▼

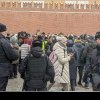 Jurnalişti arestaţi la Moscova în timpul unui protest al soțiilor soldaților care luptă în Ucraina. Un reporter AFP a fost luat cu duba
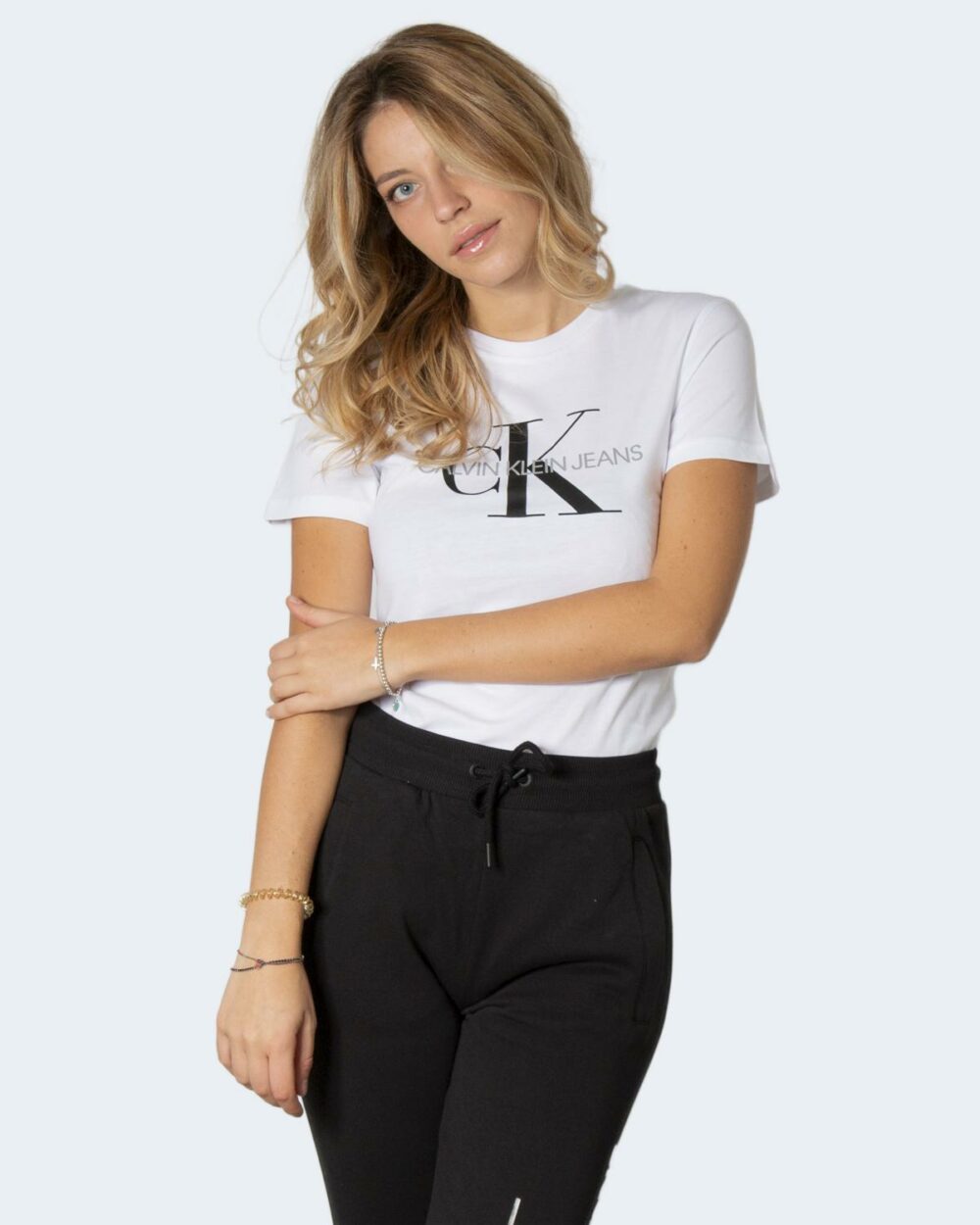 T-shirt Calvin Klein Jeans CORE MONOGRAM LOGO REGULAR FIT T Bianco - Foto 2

▲
▼

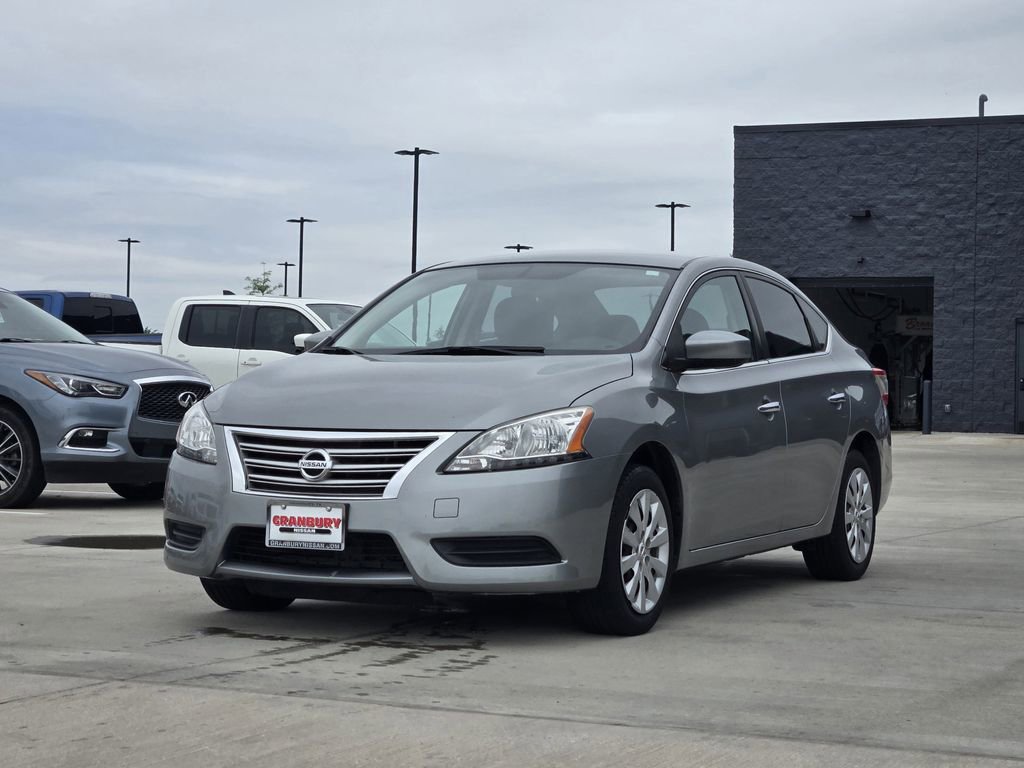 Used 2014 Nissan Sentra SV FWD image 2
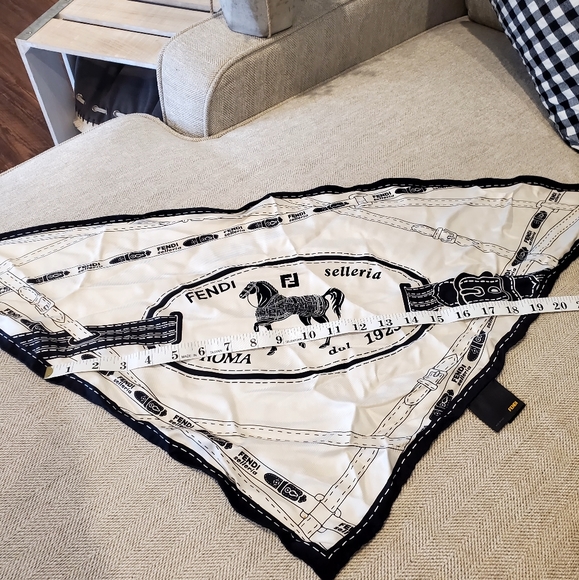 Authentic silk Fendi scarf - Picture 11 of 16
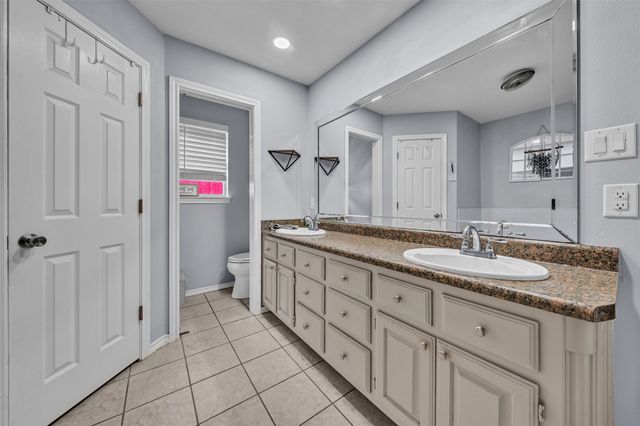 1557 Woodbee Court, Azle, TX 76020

▲

◆ ACTIVITY
What you return from the records above should be exactly everything from the line with "Jurnalişti arestaţi la" down to the line with "T-shirt Calvin Klein", both kept, and no pictures.

◆ ANSWER SECTION
 Jurnalişti arestaţi la Moscova în timpul unui protest al soțiilor soldaților care luptă în Ucraina. Un reporter AFP a fost luat cu duba
 T-shirt Calvin Klein Jeans CORE MONOGRAM LOGO REGULAR FIT T Bianco - Foto 2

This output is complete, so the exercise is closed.